### HOW TO COMPLETE THIS TASK
The response must consist of the records below, copied exactly.

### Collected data

________________

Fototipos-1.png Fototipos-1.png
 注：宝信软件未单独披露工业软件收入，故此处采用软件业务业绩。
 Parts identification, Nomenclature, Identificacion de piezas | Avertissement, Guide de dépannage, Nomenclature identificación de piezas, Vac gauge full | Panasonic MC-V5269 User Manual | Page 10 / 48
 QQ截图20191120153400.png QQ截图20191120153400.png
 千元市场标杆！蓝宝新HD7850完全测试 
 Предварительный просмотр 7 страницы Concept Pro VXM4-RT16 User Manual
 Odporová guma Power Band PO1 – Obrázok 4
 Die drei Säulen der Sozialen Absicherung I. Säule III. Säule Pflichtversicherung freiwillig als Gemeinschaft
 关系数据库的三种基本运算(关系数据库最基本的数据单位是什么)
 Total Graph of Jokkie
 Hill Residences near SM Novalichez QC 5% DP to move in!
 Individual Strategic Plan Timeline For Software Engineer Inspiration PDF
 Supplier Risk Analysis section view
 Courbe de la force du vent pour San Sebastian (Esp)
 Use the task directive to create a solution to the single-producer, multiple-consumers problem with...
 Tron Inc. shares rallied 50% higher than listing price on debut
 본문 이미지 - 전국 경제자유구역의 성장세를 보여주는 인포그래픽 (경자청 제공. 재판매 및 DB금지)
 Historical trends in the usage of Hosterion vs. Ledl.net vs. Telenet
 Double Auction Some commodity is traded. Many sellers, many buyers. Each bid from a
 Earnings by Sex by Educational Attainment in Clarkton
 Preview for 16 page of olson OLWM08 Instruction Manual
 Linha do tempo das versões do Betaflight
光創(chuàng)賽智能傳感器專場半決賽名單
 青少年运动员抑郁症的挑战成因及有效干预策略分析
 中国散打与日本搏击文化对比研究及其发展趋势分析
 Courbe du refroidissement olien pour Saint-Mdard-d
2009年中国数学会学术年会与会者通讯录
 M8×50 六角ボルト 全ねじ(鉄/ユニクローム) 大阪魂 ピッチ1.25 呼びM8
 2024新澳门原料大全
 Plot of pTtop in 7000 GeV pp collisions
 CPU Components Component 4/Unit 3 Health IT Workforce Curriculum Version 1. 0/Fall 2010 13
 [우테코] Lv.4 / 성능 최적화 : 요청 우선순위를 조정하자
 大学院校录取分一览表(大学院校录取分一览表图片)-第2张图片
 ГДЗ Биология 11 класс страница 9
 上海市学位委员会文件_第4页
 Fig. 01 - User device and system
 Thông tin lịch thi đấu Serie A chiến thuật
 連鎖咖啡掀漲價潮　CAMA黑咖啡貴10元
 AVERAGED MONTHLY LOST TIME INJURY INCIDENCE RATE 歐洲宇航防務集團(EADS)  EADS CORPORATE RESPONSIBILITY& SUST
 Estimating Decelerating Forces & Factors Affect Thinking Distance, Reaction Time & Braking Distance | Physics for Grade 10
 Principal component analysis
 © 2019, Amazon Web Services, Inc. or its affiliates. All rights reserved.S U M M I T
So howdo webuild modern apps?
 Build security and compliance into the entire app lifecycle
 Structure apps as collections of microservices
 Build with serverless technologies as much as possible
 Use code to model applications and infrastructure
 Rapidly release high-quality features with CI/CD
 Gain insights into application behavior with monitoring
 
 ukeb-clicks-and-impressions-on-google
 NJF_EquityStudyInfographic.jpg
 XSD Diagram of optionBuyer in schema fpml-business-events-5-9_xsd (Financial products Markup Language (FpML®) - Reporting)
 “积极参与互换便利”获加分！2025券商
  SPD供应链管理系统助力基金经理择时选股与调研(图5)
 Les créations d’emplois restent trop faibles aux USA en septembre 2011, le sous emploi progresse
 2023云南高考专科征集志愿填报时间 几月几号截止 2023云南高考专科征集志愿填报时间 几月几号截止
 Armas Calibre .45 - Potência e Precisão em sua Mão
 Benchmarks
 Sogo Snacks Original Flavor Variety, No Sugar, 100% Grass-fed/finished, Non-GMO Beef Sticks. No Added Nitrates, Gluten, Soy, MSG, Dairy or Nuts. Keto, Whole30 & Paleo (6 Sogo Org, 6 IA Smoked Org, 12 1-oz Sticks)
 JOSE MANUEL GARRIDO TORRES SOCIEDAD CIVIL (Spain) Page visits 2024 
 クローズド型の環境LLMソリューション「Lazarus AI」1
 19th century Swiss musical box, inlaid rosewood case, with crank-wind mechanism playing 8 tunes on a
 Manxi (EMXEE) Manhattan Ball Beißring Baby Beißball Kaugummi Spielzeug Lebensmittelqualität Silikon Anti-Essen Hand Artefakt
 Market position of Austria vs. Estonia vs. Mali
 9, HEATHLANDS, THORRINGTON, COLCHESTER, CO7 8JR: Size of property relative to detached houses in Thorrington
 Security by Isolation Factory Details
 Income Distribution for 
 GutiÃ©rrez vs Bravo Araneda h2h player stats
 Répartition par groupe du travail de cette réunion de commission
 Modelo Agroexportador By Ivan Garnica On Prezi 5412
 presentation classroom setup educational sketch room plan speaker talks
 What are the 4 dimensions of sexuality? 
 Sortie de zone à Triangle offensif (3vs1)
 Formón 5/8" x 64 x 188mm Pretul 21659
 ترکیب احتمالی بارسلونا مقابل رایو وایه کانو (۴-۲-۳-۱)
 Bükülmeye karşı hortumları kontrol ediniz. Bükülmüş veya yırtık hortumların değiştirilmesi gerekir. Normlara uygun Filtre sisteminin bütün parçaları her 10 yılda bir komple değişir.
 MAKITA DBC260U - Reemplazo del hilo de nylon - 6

________________

### ANSWER BOX
Fototipos-1.png Fototipos-1.png
 注：宝信软件未单独披露工业软件收入，故此处采用软件业务业绩。
 Parts identification, Nomenclature, Identificacion de piezas | Avertissement, Guide de dépannage, Nomenclature identificación de piezas, Vac gauge full | Panasonic MC-V5269 User Manual | Page 10 / 48
 QQ截图20191120153400.png QQ截图20191120153400.png
 千元市场标杆！蓝宝新HD7850完全测试 
 Предварительный просмотр 7 страницы Concept Pro VXM4-RT16 User Manual
 Odporová guma Power Band PO1 – Obrázok 4
 Die drei Säulen der Sozialen Absicherung I. Säule III. Säule Pflichtversicherung freiwillig als Gemeinschaft
 关系数据库的三种基本运算(关系数据库最基本的数据单位是什么)
 Total Graph of Jokkie
 Hill Residences near SM Novalichez QC 5% DP to move in!
 Individual Strategic Plan Timeline For Software Engineer Inspiration PDF
 Supplier Risk Analysis section view
 Courbe de la force du vent pour San Sebastian (Esp)
 Use the task directive to create a solution to the single-producer, multiple-consumers problem with...
 Tron Inc. shares rallied 50% higher than listing price on debut
 본문 이미지 - 전국 경제자유구역의 성장세를 보여주는 인포그래픽 (경자청 제공. 재판매 및 DB금지)
 Historical trends in the usage of Hosterion vs. Ledl.net vs. Telenet
 Double Auction Some commodity is traded. Many sellers, many buyers. Each bid from a
 Earnings by Sex by Educational Attainment in Clarkton
 Preview for 16 page of olson OLWM08 Instruction Manual
 Linha do tempo das versões do Betaflight
光創(chuàng)賽智能傳感器專場半決賽名單
 青少年运动员抑郁症的挑战成因及有效干预策略分析
 中国散打与日本搏击文化对比研究及其发展趋势分析
 Courbe du refroidissement olien pour Saint-Mdard-d
2009年中国数学会学术年会与会者通讯录
 M8×50 六角ボルト 全ねじ(鉄/ユニクローム) 大阪魂 ピッチ1.25 呼びM8
 2024新澳门原料大全
 Plot of pTtop in 7000 GeV pp collisions
 CPU Components Component 4/Unit 3 Health IT Workforce Curriculum Version 1. 0/Fall 2010 13
 [우테코] Lv.4 / 성능 최적화 : 요청 우선순위를 조정하자
 大学院校录取分一览表(大学院校录取分一览表图片)-第2张图片
 ГДЗ Биология 11 класс страница 9
 上海市学位委员会文件_第4页
 Fig. 01 - User device and system
 Thông tin lịch thi đấu Serie A chiến thuật
 連鎖咖啡掀漲價潮　CAMA黑咖啡貴10元
 AVERAGED MONTHLY LOST TIME INJURY INCIDENCE RATE 歐洲宇航防務集團(EADS)  EADS CORPORATE RESPONSIBILITY& SUST
 Estimating Decelerating Forces & Factors Affect Thinking Distance, Reaction Time & Braking Distance | Physics for Grade 10
 Principal component analysis
 © 2019, Amazon Web Services, Inc. or its affiliates. All rights reserved.S U M M I T
So howdo webuild modern apps?
 Build security and compliance into the entire app lifecycle
 Structure apps as collections of microservices
 Build with serverless technologies as much as possible
 Use code to model applications and infrastructure
 Rapidly release high-quality features with CI/CD
 Gain insights into application behavior with monitoring
 
 ukeb-clicks-and-impressions-on-google
 NJF_EquityStudyInfographic.jpg
 XSD Diagram of optionBuyer in schema fpml-business-events-5-9_xsd (Financial products Markup Language (FpML®) - Reporting)
 “积极参与互换便利”获加分！2025券商
  SPD供应链管理系统助力基金经理择时选股与调研(图5)
 Les créations d’emplois restent trop faibles aux USA en septembre 2011, le sous emploi progresse
 2023云南高考专科征集志愿填报时间 几月几号截止 2023云南高考专科征集志愿填报时间 几月几号截止
 Armas Calibre .45 - Potência e Precisão em sua Mão
 Benchmarks
 Sogo Snacks Original Flavor Variety, No Sugar, 100% Grass-fed/finished, Non-GMO Beef Sticks. No Added Nitrates, Gluten, Soy, MSG, Dairy or Nuts. Keto, Whole30 & Paleo (6 Sogo Org, 6 IA Smoked Org, 12 1-oz Sticks)
 JOSE MANUEL GARRIDO TORRES SOCIEDAD CIVIL (Spain) Page visits 2024 
 クローズド型の環境LLMソリューション「Lazarus AI」1
 19th century Swiss musical box, inlaid rosewood case, with crank-wind mechanism playing 8 tunes on a
 Manxi (EMXEE) Manhattan Ball Beißring Baby Beißball Kaugummi Spielzeug Lebensmittelqualität Silikon Anti-Essen Hand Artefakt
 Market position of Austria vs. Estonia vs. Mali
 9, HEATHLANDS, THORRINGTON, COLCHESTER, CO7 8JR: Size of property relative to detached houses in Thorrington
 Security by Isolation Factory Details
 Income Distribution for 
 GutiÃ©rrez vs Bravo Araneda h2h player stats
 Répartition par groupe du travail de cette réunion de commission
 Modelo Agroexportador By Ivan Garnica On Prezi 5412
 presentation classroom setup educational sketch room plan speaker talks
 What are the 4 dimensions of sexuality? 
 Sortie de zone à Triangle offensif (3vs1)
 Formón 5/8" x 64 x 188mm Pretul 21659
 ترکیب احتمالی بارسلونا مقابل رایو وایه کانو (۴-۲-۳-۱)
 Bükülmeye karşı hortumları kontrol ediniz. Bükülmüş veya yırtık hortumların değiştirilmesi gerekir. Normlara uygun Filtre sisteminin bütün parçaları her 10 yılda bir komple değişir.
 MAKITA DBC260U - Reemplazo del hilo de nylon - 6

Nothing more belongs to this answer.